* **How to complete this task**
Would you please return the data below verbatim, without its pictures?

Short text fragments from websites

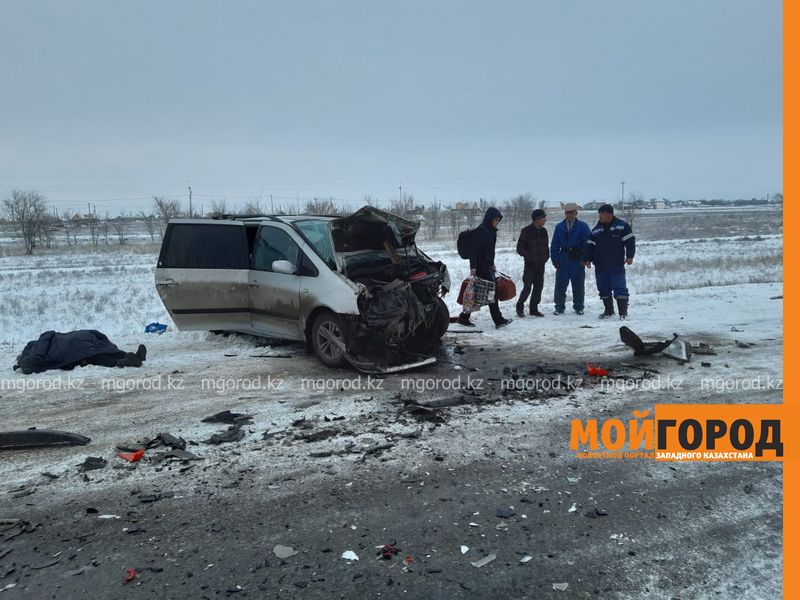 Две женщины погибли в аварии на трассе в ЗКО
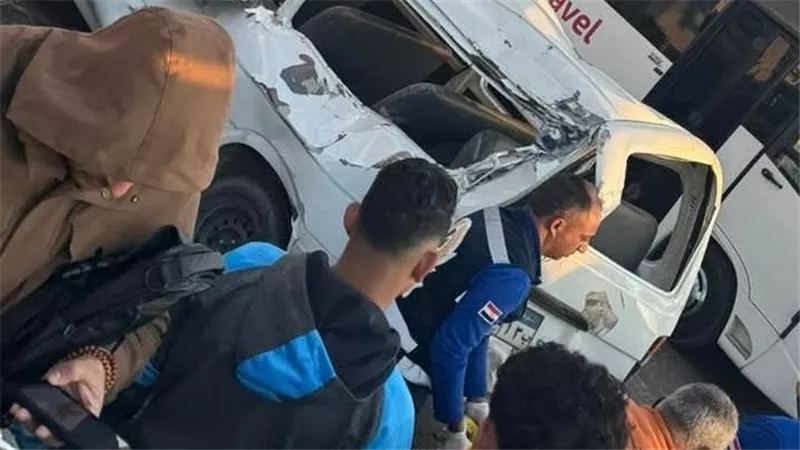 إصابة 3 أشخاص فى حادث تصادم سيارتين أمام مستشفى الشرطة بالإسكندرية 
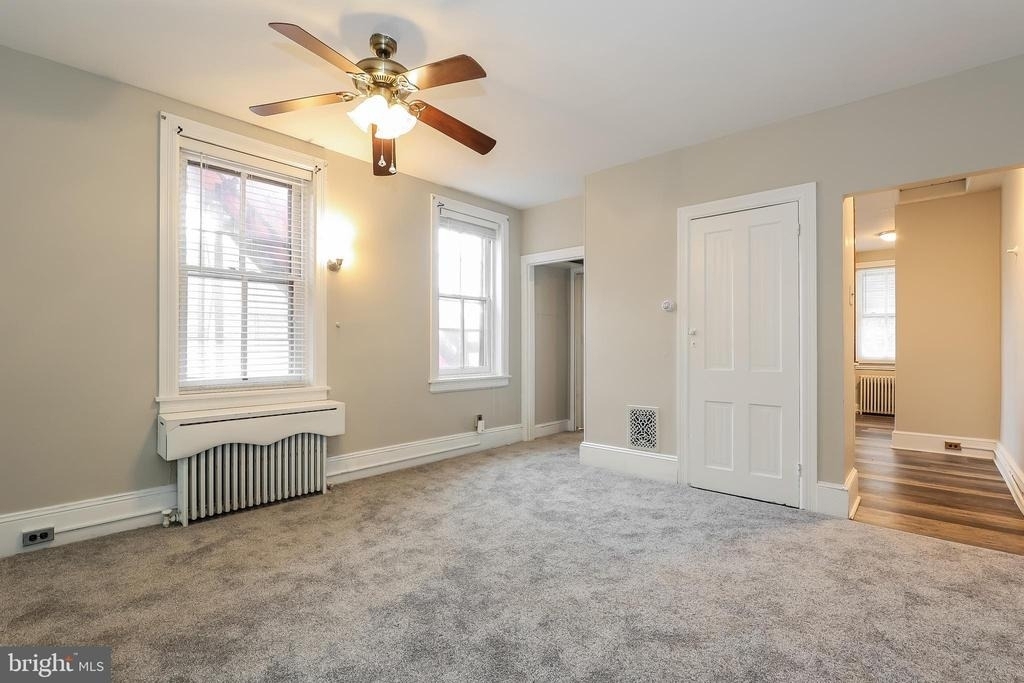212 E Broad Street - Photo 4
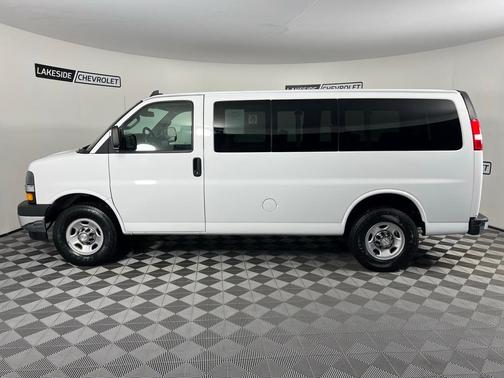 2019 Chevrolet Express 3500 LT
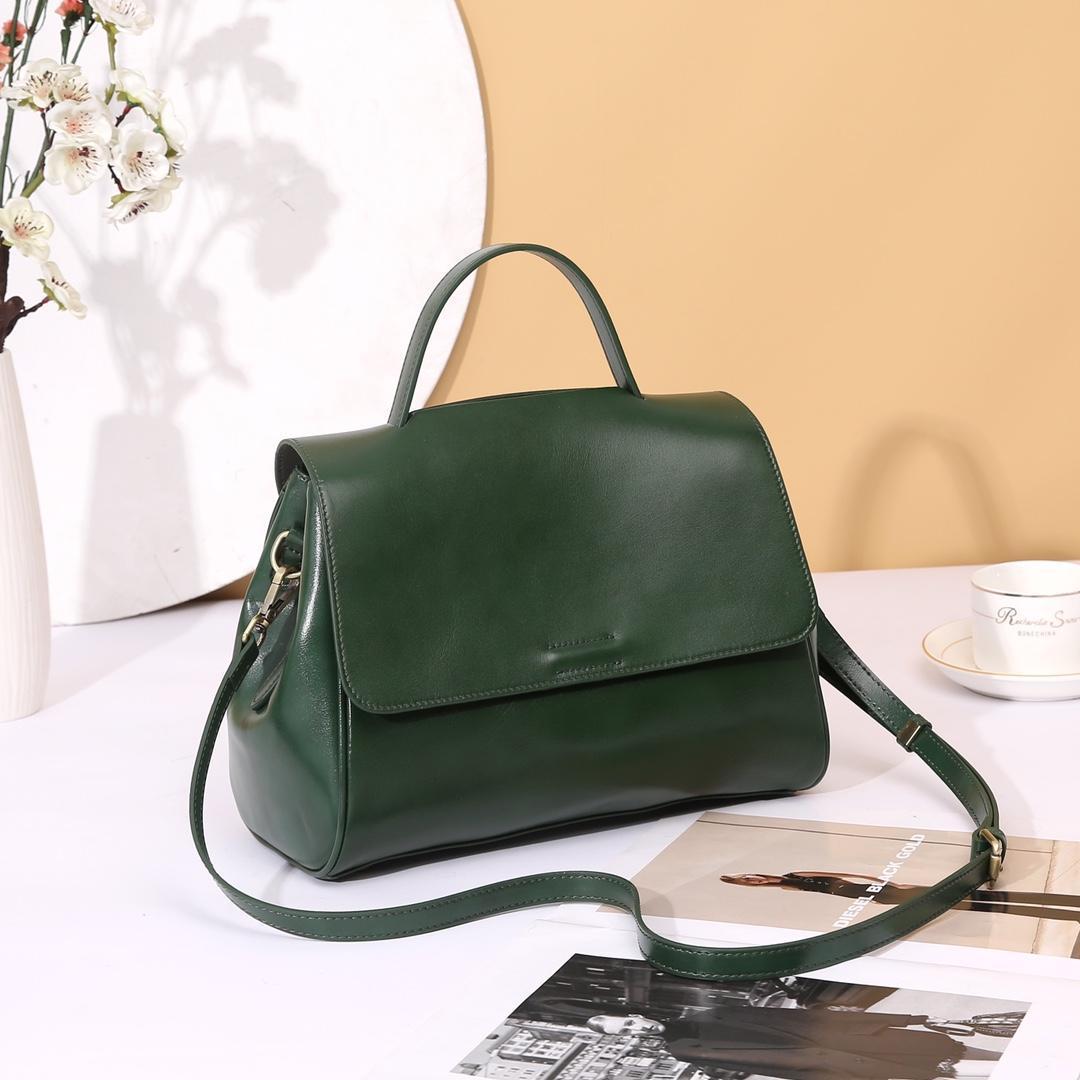 Tote Large Capacity Portable Fashion Shoulder Bag – Genuine Leather All-match Handbag for Women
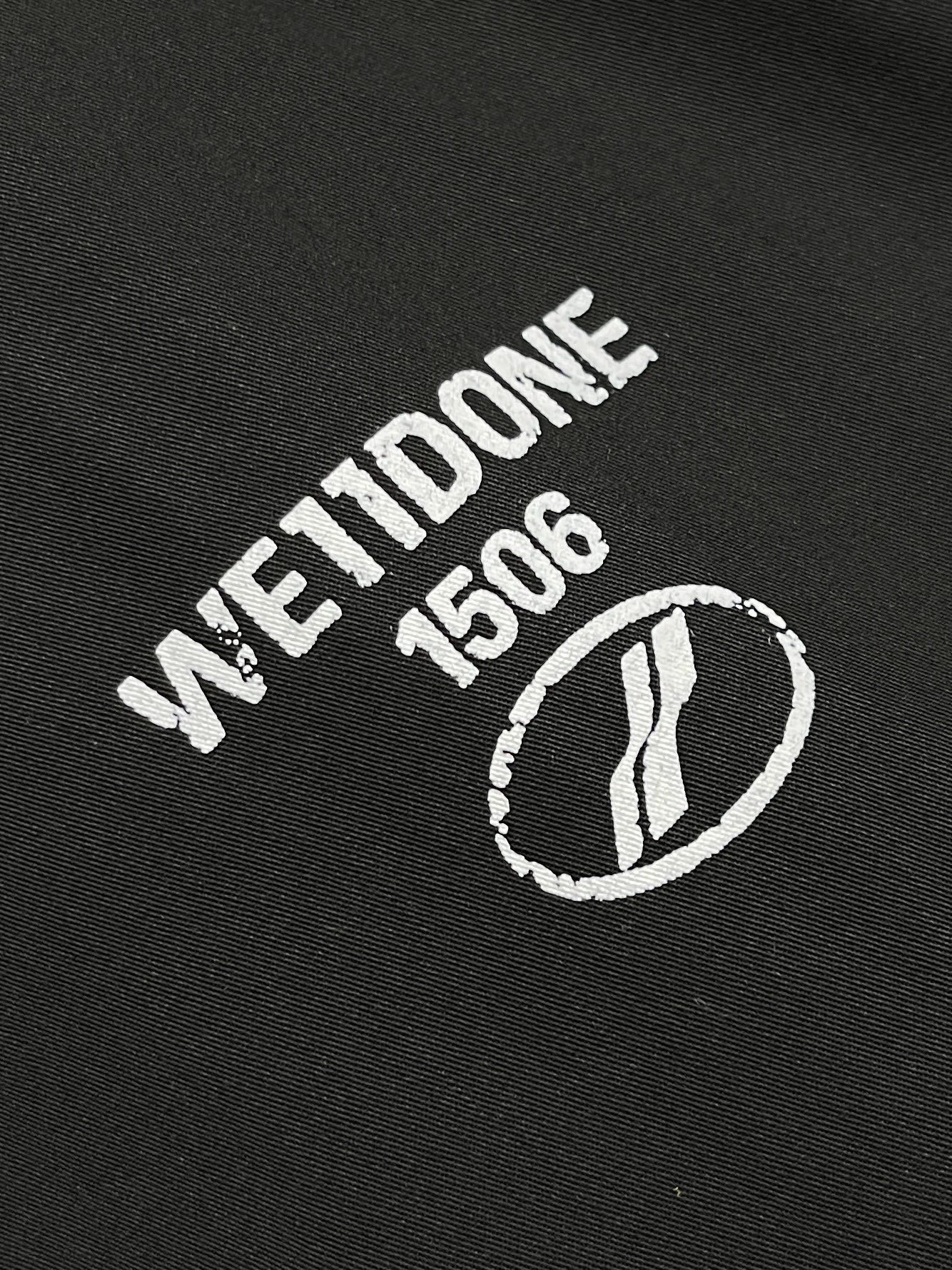 🛒🛒WE11DONE 做旧徽标立领夹克外套 定制珩序锦棉混织 挺括抗皱 温润亲肤 砚墨玄黑浸染衣身 布面凝敛哑光肌理 演 🛒🛒WE11DONE 做旧徽标立领夹克外套 定制珩序锦棉混织 挺括抗皱 温润亲肤 砚墨玄黑浸染衣身 布面凝敛哑光肌理 演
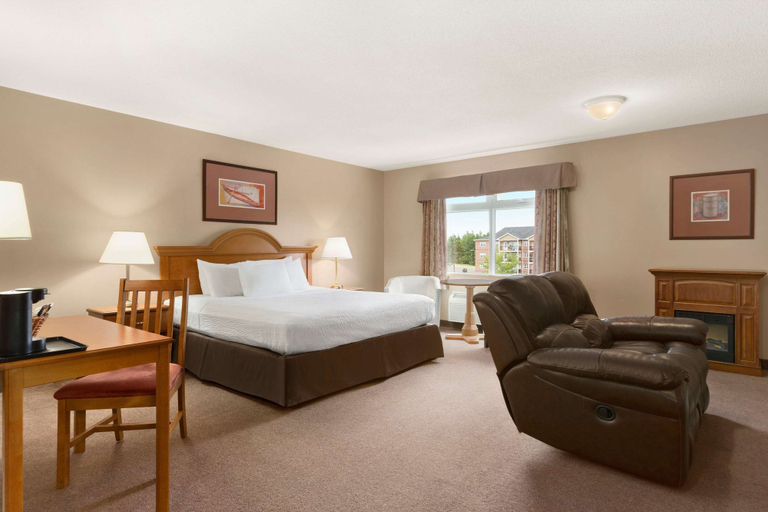 Bedroom 3, Days Inn & Conference Centre by Wyndham Oromocto, Sunbury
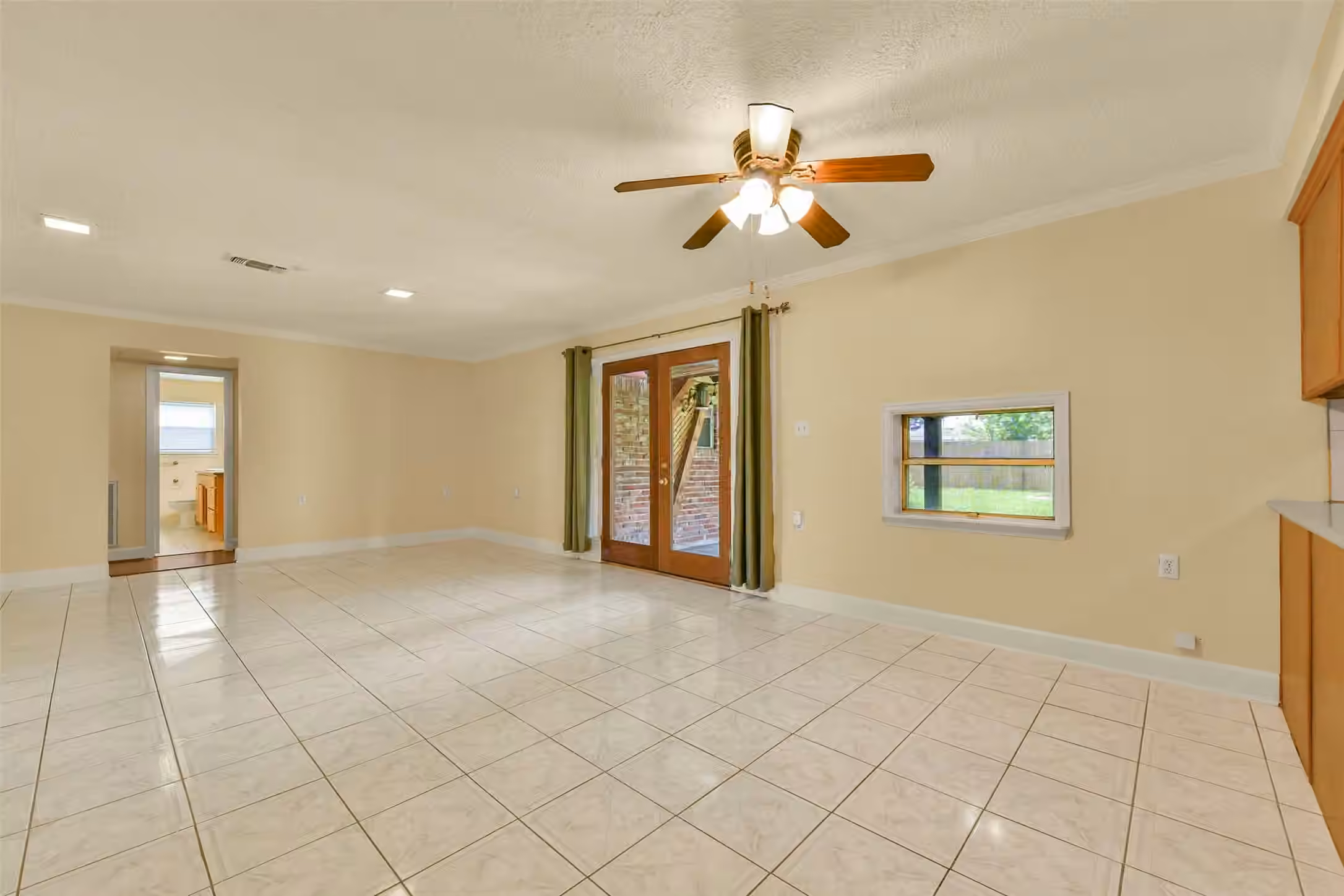 Photo 7 of 523 Oakdale Avenue, Shoreacres, TX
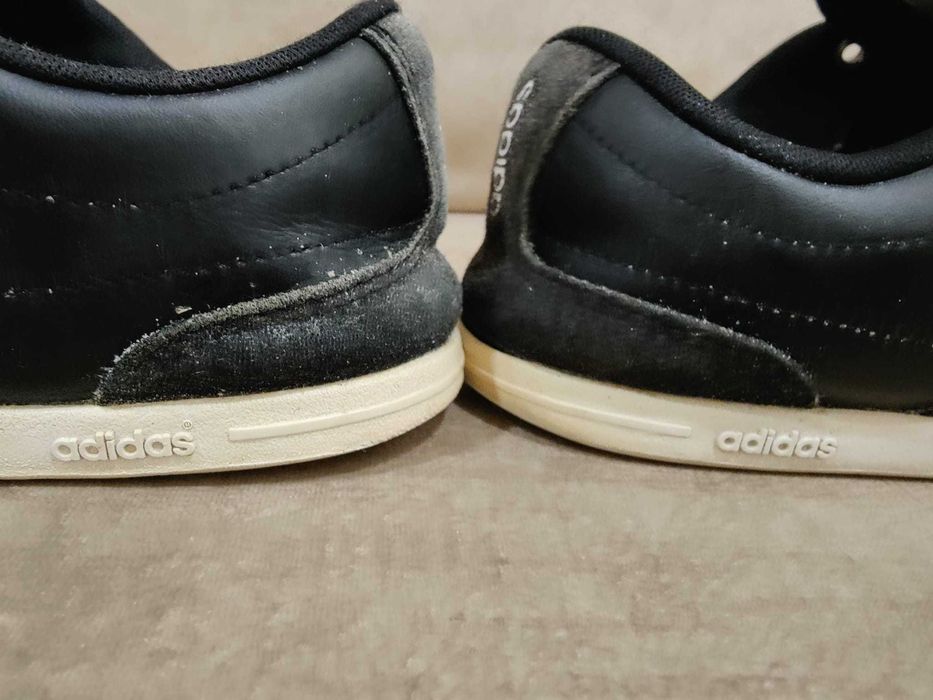 Sapatilhas Adidas tam. 42 2/3 em bom estado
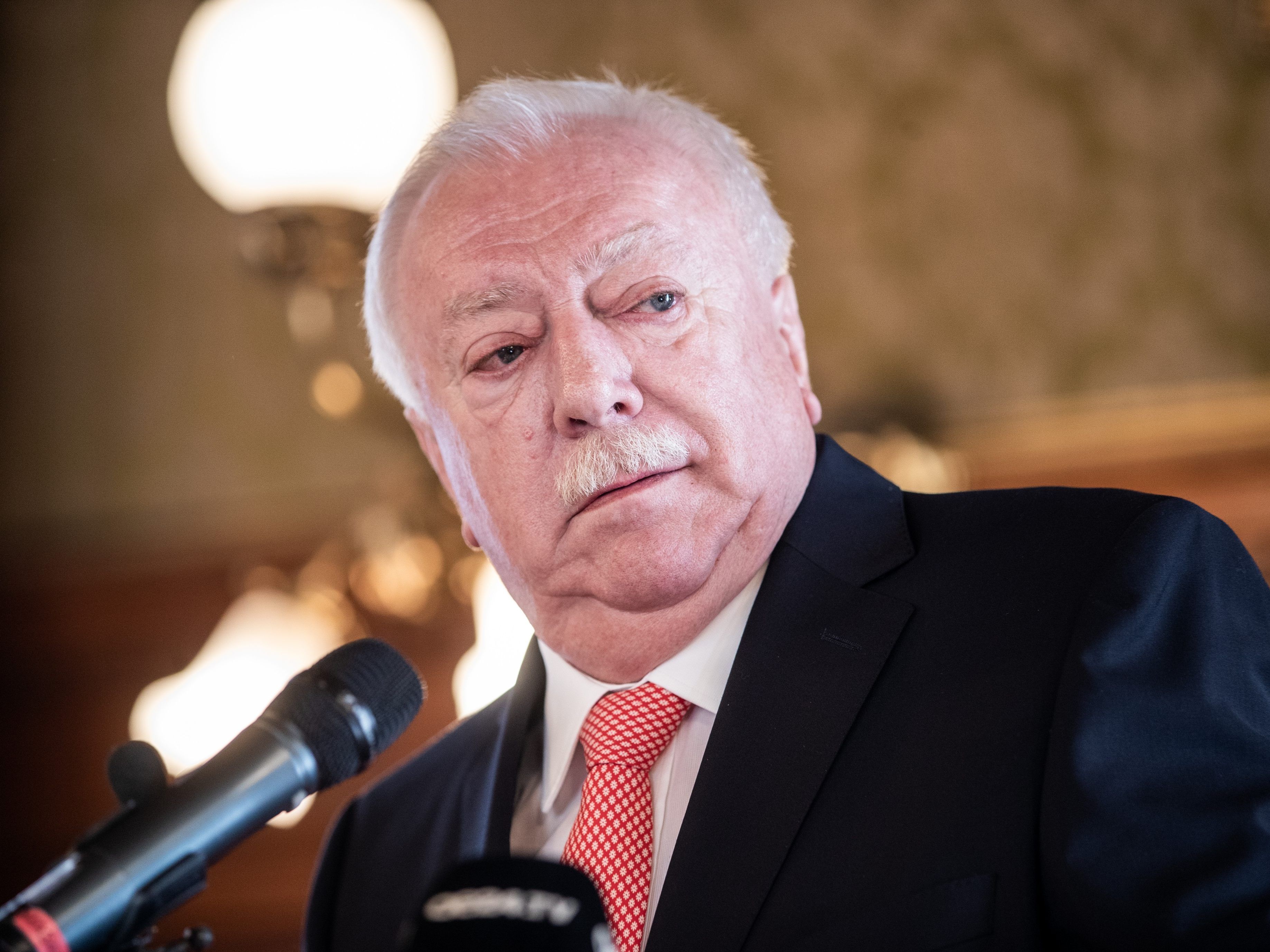 Häupl sieht Koalition mit NEOS in Wien skeptisch. Häupl sieht Koalition mit NEOS in Wien skeptisch.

* **Written response**
 Две женщины погибли в аварии на трассе в ЗКО
 إصابة 3 أشخاص فى حادث تصادم سيارتين أمام مستشفى الشرطة بالإسكندرية 
212 E Broad Street - Photo 4
 2019 Chevrolet Express 3500 LT
 Tote Large Capacity Portable Fashion Shoulder Bag – Genuine Leather All-match Handbag for Women
 🛒🛒WE11DONE 做旧徽标立领夹克外套 定制珩序锦棉混织 挺括抗皱 温润亲肤 砚墨玄黑浸染衣身 布面凝敛哑光肌理 演 🛒🛒WE11DONE 做旧徽标立领夹克外套 定制珩序锦棉混织 挺括抗皱 温润亲肤 砚墨玄黑浸染衣身 布面凝敛哑光肌理 演
 Bedroom 3, Days Inn & Conference Centre by Wyndham Oromocto, Sunbury
 Photo 7 of 523 Oakdale Avenue, Shoreacres, TX
 Sapatilhas Adidas tam. 42 2/3 em bom estado
 Häupl sieht Koalition mit NEOS in Wien skeptisch. Häupl sieht Koalition mit NEOS in Wien skeptisch.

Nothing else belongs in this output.